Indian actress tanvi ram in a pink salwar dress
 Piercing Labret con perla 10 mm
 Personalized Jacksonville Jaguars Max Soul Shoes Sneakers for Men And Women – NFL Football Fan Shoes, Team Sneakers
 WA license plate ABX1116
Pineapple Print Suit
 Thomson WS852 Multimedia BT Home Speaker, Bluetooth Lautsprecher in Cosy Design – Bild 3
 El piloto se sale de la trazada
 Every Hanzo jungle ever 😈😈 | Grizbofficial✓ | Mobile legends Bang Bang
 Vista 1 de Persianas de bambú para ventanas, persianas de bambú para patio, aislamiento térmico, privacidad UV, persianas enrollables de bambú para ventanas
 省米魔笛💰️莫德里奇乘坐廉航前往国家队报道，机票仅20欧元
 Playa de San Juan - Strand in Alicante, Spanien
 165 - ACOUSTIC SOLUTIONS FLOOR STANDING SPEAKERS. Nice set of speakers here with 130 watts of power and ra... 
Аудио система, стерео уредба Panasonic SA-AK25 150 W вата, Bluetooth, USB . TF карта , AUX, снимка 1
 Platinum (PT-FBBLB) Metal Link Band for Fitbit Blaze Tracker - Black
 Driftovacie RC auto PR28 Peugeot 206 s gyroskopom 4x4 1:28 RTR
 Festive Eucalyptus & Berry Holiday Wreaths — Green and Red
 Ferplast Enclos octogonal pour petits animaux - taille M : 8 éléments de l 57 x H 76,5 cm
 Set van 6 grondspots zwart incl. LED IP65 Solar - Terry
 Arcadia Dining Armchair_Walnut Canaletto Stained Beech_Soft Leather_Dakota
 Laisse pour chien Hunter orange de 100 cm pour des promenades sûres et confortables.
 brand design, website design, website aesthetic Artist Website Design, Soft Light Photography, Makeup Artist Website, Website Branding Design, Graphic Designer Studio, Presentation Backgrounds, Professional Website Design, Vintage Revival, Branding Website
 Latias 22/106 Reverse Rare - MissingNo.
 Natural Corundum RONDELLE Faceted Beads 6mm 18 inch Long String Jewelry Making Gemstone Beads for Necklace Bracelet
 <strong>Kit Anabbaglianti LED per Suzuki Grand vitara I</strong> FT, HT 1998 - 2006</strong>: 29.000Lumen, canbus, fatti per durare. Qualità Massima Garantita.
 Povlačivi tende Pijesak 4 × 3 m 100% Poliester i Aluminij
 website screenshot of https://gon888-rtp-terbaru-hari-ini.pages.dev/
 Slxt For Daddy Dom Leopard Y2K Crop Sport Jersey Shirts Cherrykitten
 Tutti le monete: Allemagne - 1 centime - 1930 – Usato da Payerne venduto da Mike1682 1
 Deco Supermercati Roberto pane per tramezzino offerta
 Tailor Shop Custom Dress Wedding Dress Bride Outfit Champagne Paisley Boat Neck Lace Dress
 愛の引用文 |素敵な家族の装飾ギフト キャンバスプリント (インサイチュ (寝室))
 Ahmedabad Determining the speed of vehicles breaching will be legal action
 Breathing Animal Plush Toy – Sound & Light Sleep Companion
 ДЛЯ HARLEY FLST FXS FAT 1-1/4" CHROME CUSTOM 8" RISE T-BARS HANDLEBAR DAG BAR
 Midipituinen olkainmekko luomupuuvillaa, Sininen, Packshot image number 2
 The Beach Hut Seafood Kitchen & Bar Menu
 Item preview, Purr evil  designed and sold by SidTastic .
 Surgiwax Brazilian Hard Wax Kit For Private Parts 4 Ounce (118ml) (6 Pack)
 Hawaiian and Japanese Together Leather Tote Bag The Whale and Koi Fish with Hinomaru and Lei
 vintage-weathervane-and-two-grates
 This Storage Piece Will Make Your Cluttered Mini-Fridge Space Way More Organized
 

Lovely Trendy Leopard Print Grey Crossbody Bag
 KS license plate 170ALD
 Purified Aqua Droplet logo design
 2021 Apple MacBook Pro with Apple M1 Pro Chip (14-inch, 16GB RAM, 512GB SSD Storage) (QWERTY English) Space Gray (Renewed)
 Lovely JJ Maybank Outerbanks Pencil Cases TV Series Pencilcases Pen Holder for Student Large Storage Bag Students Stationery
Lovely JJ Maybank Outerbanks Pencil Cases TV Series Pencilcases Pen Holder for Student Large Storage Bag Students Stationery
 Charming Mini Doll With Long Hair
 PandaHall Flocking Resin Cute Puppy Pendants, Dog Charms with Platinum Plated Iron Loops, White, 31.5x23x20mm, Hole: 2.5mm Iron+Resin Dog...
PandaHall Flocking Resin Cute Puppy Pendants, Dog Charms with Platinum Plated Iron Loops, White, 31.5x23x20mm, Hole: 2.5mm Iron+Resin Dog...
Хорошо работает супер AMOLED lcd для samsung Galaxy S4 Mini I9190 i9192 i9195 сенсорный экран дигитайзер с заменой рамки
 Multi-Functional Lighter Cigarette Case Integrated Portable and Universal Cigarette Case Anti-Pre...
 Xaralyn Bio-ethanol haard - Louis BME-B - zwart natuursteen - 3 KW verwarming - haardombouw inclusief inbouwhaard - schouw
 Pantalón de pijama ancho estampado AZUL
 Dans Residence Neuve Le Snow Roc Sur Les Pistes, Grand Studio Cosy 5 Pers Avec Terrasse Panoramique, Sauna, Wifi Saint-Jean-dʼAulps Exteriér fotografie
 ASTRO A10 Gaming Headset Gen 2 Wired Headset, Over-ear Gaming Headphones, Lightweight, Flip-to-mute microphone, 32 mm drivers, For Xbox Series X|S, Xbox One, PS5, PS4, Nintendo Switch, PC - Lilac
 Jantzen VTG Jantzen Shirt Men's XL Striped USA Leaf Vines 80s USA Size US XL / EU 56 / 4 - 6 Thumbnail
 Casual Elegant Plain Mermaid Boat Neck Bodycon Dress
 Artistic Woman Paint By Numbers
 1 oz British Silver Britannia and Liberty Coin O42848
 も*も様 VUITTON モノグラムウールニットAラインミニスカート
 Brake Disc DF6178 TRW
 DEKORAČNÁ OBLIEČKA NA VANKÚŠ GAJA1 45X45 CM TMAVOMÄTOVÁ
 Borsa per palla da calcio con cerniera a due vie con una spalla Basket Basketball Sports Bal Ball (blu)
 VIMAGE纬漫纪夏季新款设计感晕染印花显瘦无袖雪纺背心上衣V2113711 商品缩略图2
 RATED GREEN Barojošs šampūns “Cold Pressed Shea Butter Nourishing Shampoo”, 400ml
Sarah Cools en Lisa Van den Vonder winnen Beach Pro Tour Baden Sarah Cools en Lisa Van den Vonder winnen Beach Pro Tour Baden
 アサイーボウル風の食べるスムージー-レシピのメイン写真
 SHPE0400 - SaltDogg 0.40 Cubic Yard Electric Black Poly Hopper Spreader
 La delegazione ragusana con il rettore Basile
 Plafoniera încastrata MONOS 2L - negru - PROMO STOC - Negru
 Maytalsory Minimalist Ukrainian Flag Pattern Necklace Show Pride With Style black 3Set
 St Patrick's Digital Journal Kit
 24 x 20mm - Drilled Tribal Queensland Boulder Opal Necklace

-------------------------

▸ Exercise goal: Using the records above, set down exactly the lines from the one with "Platinum (PT-FBBLB) Metal" through the one with "brand design, website", inclusive, and nothing more.

▸ Response for this exercise:
 Platinum (PT-FBBLB) Metal Link Band for Fitbit Blaze Tracker - Black
 Driftovacie RC auto PR28 Peugeot 206 s gyroskopom 4x4 1:28 RTR
 Festive Eucalyptus & Berry Holiday Wreaths — Green and Red
 Ferplast Enclos octogonal pour petits animaux - taille M : 8 éléments de l 57 x H 76,5 cm
 Set van 6 grondspots zwart incl. LED IP65 Solar - Terry
 Arcadia Dining Armchair_Walnut Canaletto Stained Beech_Soft Leather_Dakota
 Laisse pour chien Hunter orange de 100 cm pour des promenades sûres et confortables.
 brand design, website design, website aesthetic Artist Website Design, Soft Light Photography, Makeup Artist Website, Website Branding Design, Graphic Designer Studio, Presentation Backgrounds, Professional Website Design, Vintage Revival, Branding Website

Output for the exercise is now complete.